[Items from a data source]

************

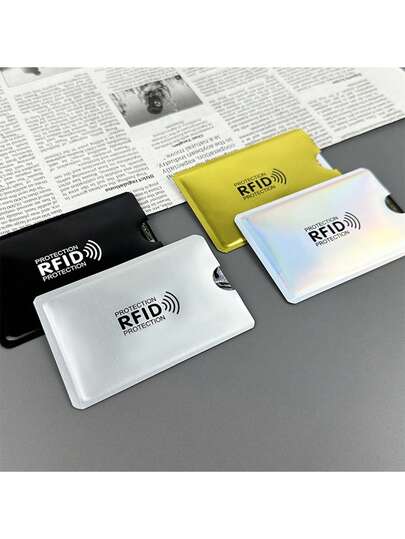 10 قطع واقي بطاقة حجب RFID بألوان عشوائية، حامل بطاقة ائتمان معدني من سبيكة الألومنيوم، أكمام محفظة للبطاقات البنكية/الهوية للنساء، محفظة صغيرة، محفظة، محفظة RFID، محفظة بطاقات
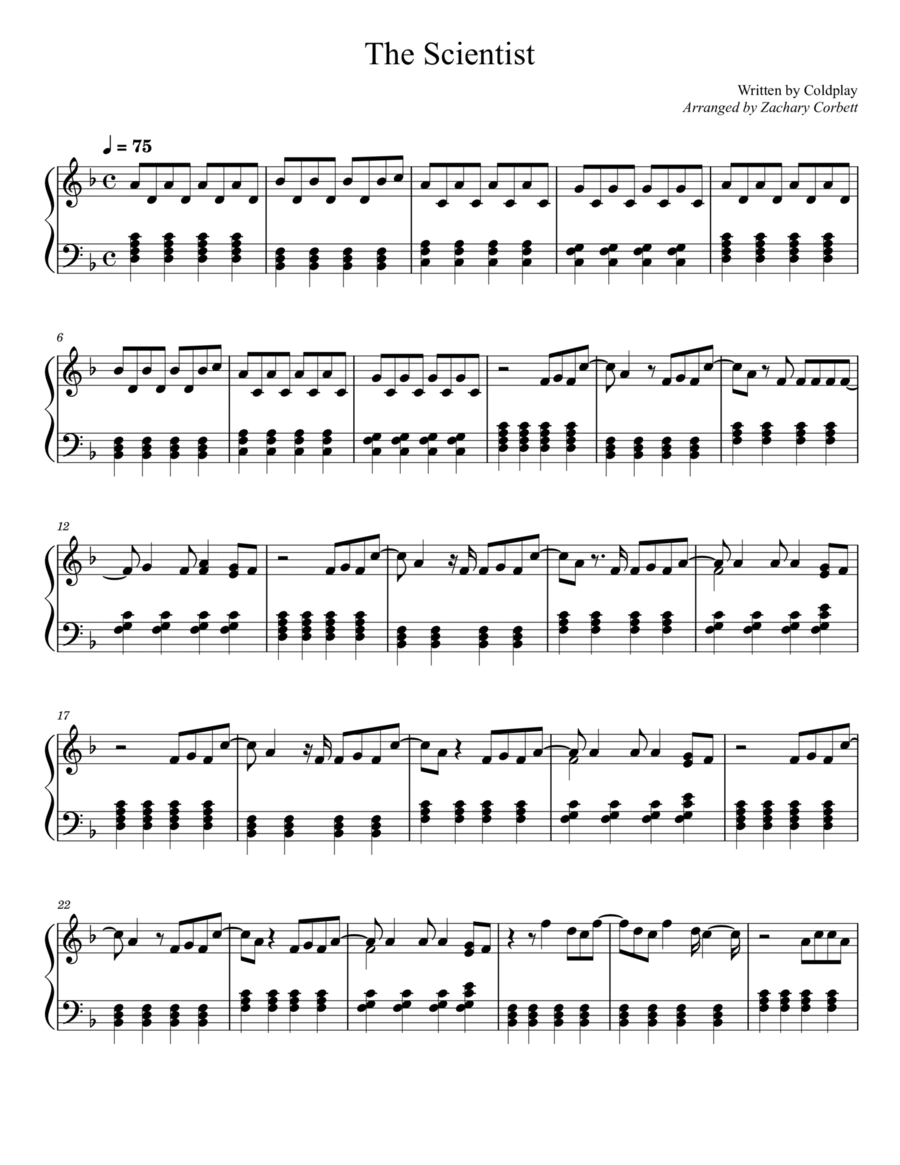 The Scientist Piano Solo scores gallery preview page 1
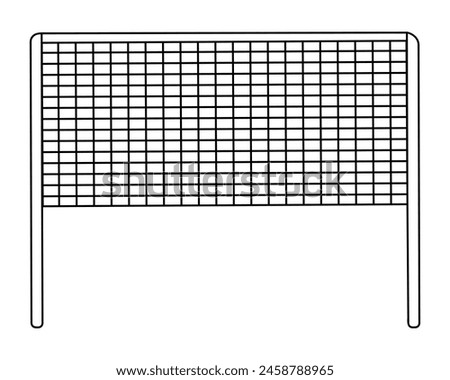 Net for playing volleyball or badminton. Front view. Sketch. Stretched net for sports games. Vector illustration. Outline on isolated background. Coloring book for children. Doodle style. 
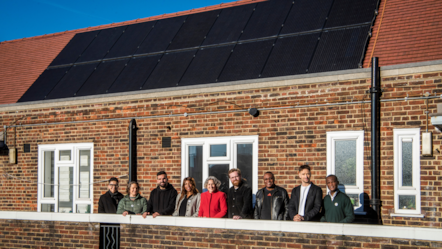 Partners from Hackney Council, Emergent Energy, the GLA and Ofgemat Linslade House, one of the first blocks to see solar panels installed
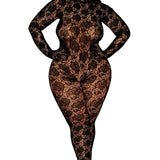 Dreamgirl Plus Black Gloved Bodystocking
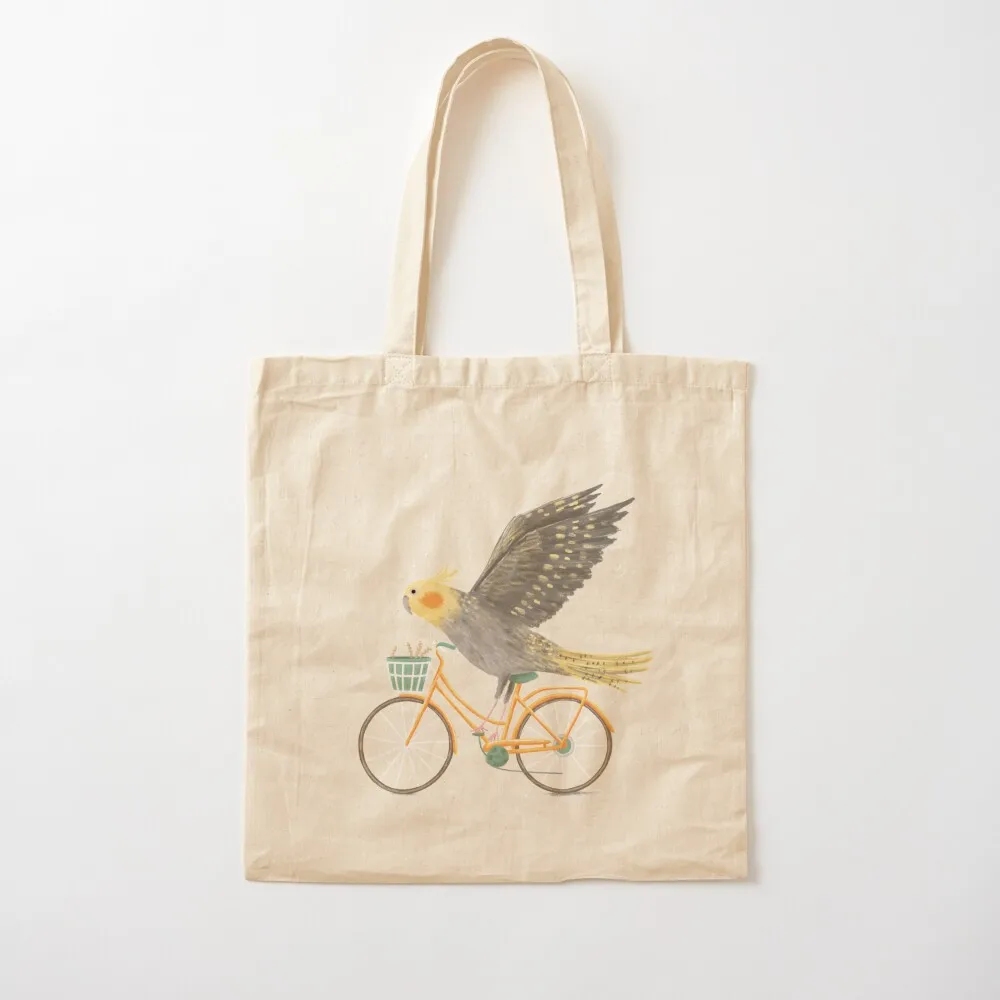 

Cockatiel on a Bicycle Tote Bag personalized tote shoping bag large size bags Canvas Tote Bag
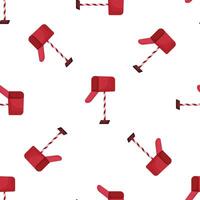 Red mailboxes with open doors seamless pattern on white background vector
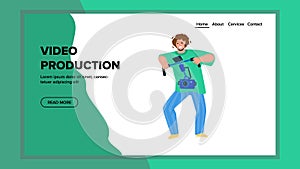 Video Production Worker Man Making Movie Vector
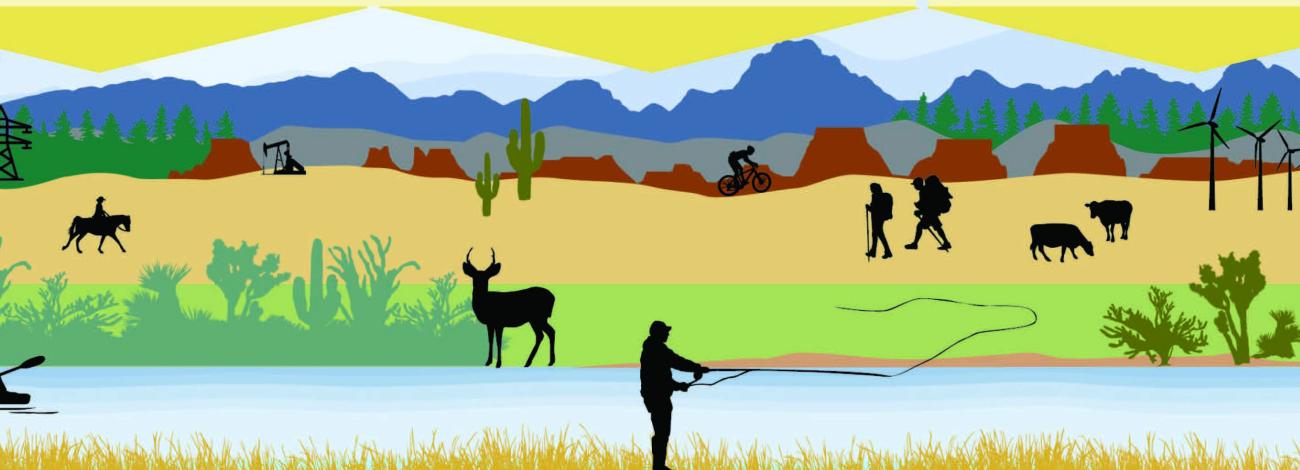 A graphic banner showing multiple uses of public lands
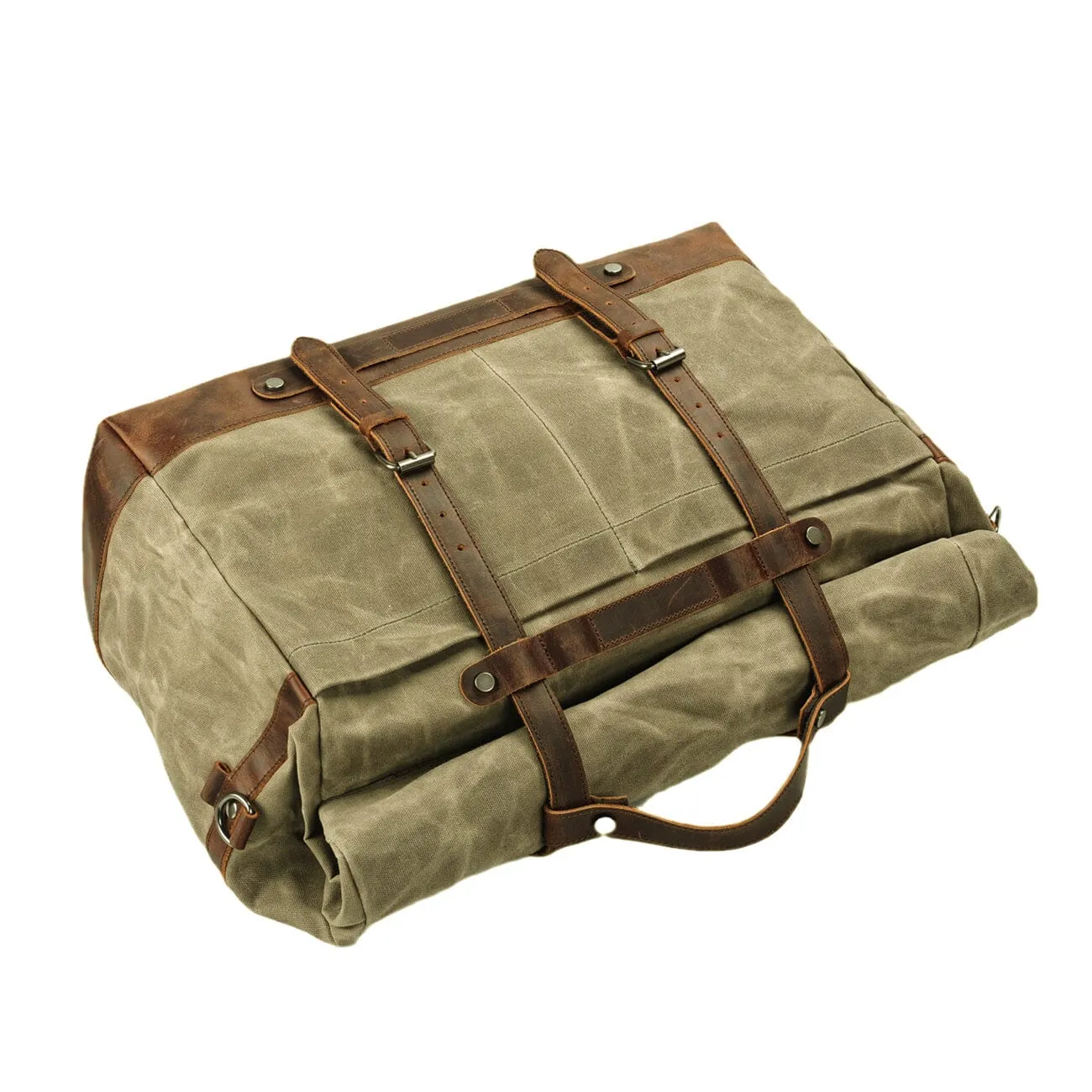 Classic Waxed Canvas Duffle Bag with Crazy Horse Leather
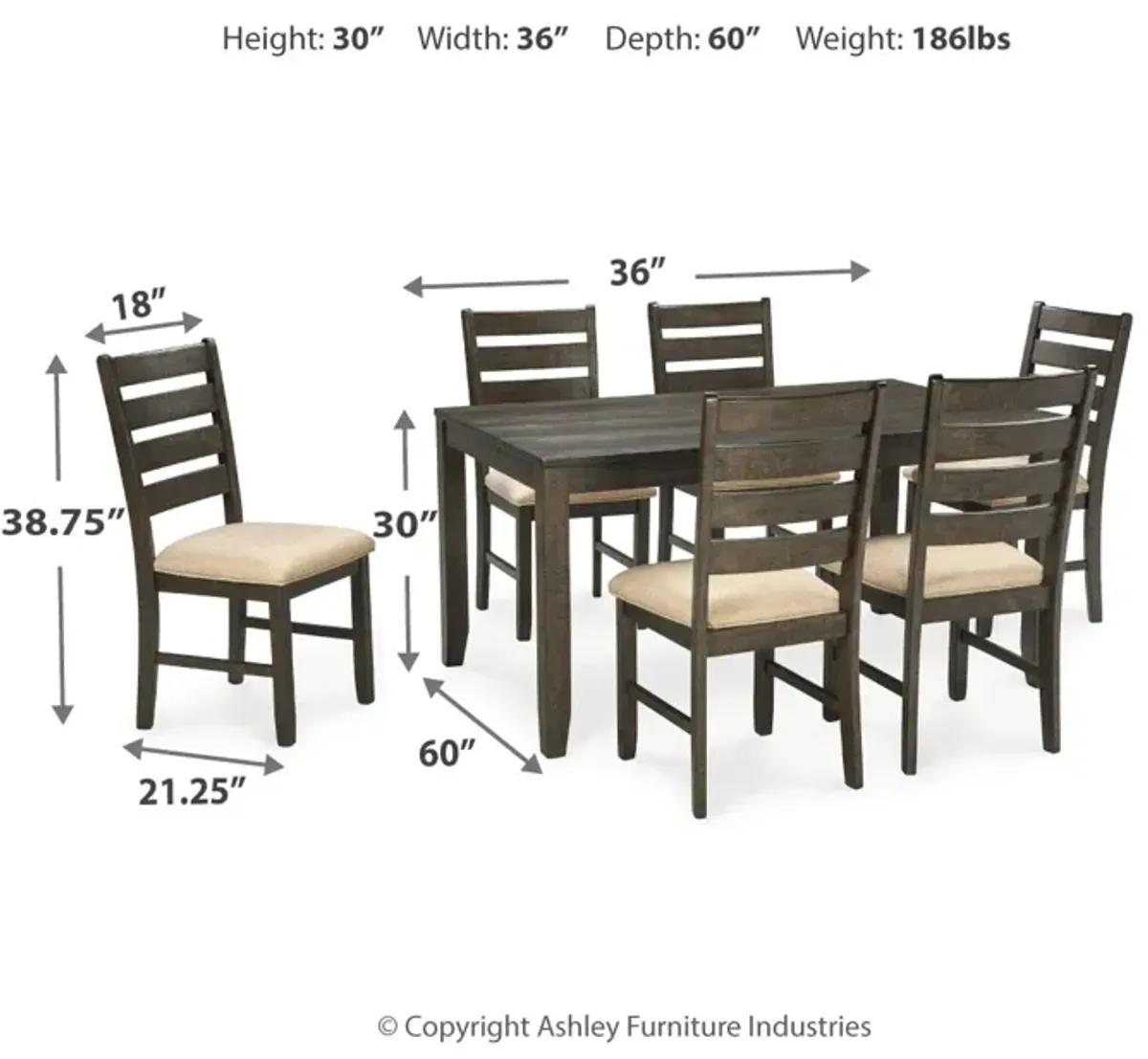 Rokane Dining Table And Chairs (Set Of 7)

************

■ Task goal:
Each record above, in full: return it exactly, pictures excluded.

■ Task output:
 10 قطع واقي بطاقة حجب RFID بألوان عشوائية، حامل بطاقة ائتمان معدني من سبيكة الألومنيوم، أكمام محفظة للبطاقات البنكية/الهوية للنساء، محفظة صغيرة، محفظة، محفظة RFID، محفظة بطاقات
 The Scientist Piano Solo scores gallery preview page 1
 Net for playing volleyball or badminton. Front view. Sketch. Stretched net for sports games. Vector illustration. Outline on isolated background. Coloring book for children. Doodle style. 
 Partners from Hackney Council, Emergent Energy, the GLA and Ofgemat Linslade House, one of the first blocks to see solar panels installed
 Dreamgirl Plus Black Gloved Bodystocking

Cockatiel on a Bicycle Tote Bag personalized tote shoping bag large size bags Canvas Tote Bag
 Red mailboxes with open doors seamless pattern on white background vector
 Video Production Worker Man Making Movie Vector
 A graphic banner showing multiple uses of public lands
 Classic Waxed Canvas Duffle Bag with Crazy Horse Leather
 Rokane Dining Table And Chairs (Set Of 7)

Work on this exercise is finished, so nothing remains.